The drama in the rest of today’s reading centres around how David hears the sad news of his son’s demise. Two runners with different intentions compete to reach him first. The second messenger, a Cushite, reveals the true story. The story teller has injected a good deal of drama into the episode. We wait to see David’s response. The Cushite’s report leaves no doubt in David’s mind that Absalom is dead: ‘May all your enemies both now and in the future be as that young man is’ (18:32). These words have significance far beyond the fate of Absalom, as the subsequent chapters show, for they raise the question of who actually are David’s enemies, and how will he treat them. David shows himself of a mind to be forgiving to some characters (Shimei and to Mephibosheth; 2 Samuel 19). Others, however, who have been close to him for so long and upon whom he has depended, he condemns to death for certain of their actions (Joab; 1 Kgs 2:5-6).
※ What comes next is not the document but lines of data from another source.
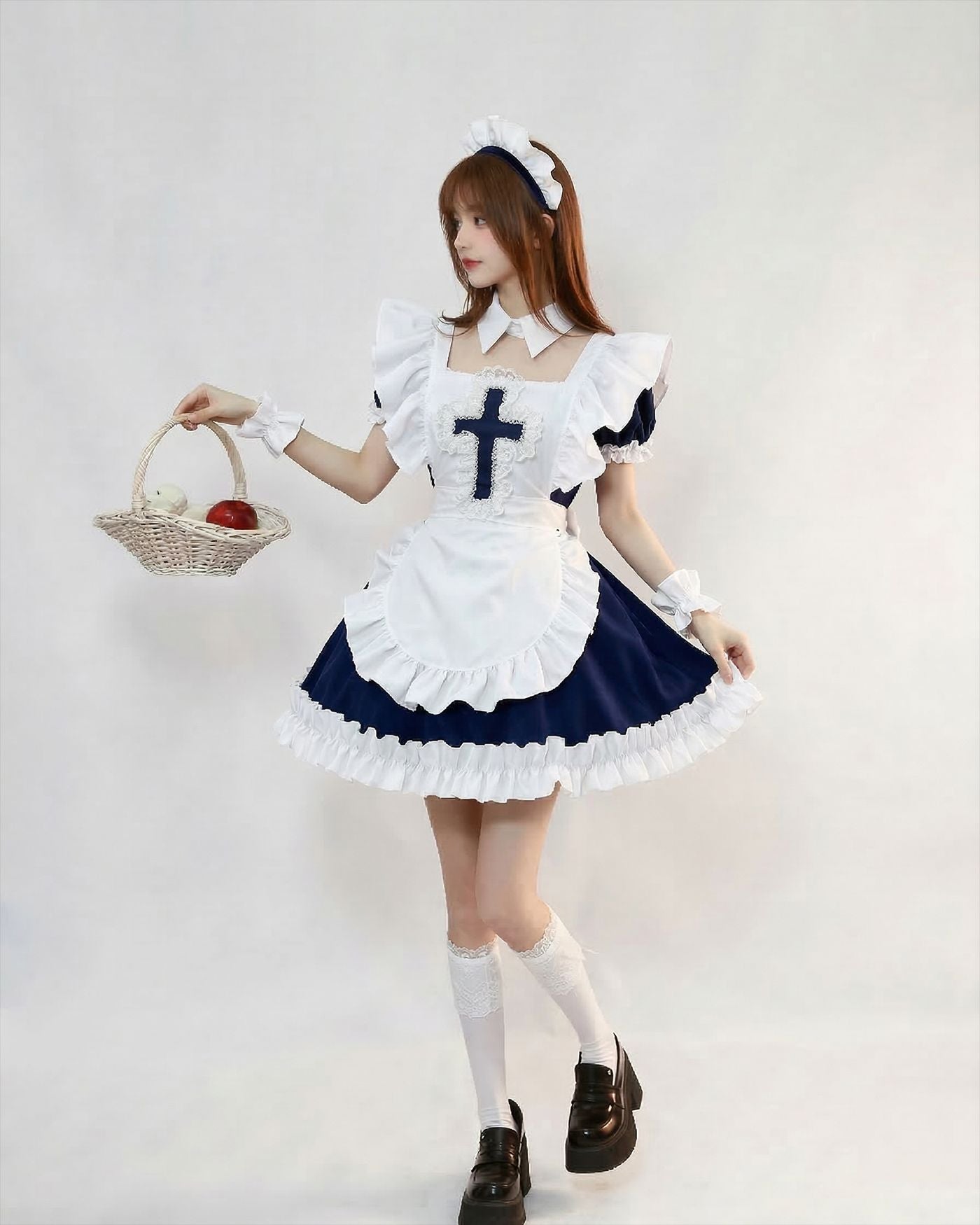 Classic Short Sleeve Lolita Dress Cute Japanese Maid Cosplay
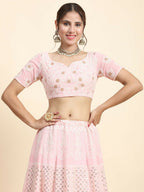 Jyoti Fashion Stunning Baby Pink Faux Georgette 3MM Sequins with Thread & Jari Embroidery Lehenga Choli with Dupatta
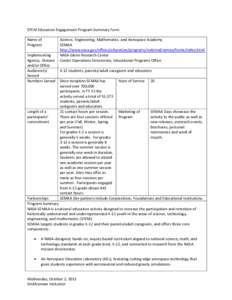 Microsoft Word - STEM Education Engagement Program Summary Form_SEMAA_FINAL.docx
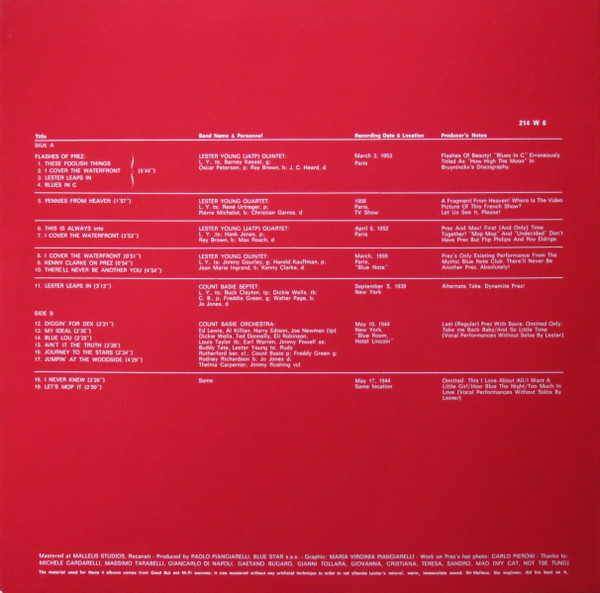 Lester Young - Prez's Hat Vol. 1 | Philology (214 W 6) - 2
In many ways, David did not really know whom he could trust.

The story of David’s reign is truly one of tragedy. He is a tormented character in the latter stages. The story is marked by intrigue, murder, theft, abuse, and no small lust for power on the part of many. All these things are manifest in the inner family circle of David and it is all traced by the writers to David’s own abuse of power. David’s own lust for Bathsheba and the subsequent murder of Uriah in 2 Samuel 11 shape the rest of his life and reign in the eyes of the writers of Samuel. The story is a magnificent illustration of the intricate interweaving of sinful acts and their consequences. It is also a tragic reminder of the way such things pervade the most intimate connections in a life, destroying all before them and bringing to even the perpetrators themselves despair that is like death itself: ‘The king was deeply moved, and went up to the chamber over the gate, and wept; and as he went, he said, “O my son Absalom, my son, my son Absalom! Would that I had died instead of you, O Absalom, my son, my son!”’ (2 Sam. 18:33). And yet the wonder, and the hope of it all is that the people of this story are portrayed as the people of God, who continues to work with, and through them. The depth of tragedy on the human plane is surpassed only by the irony of God’s overwhelming grace.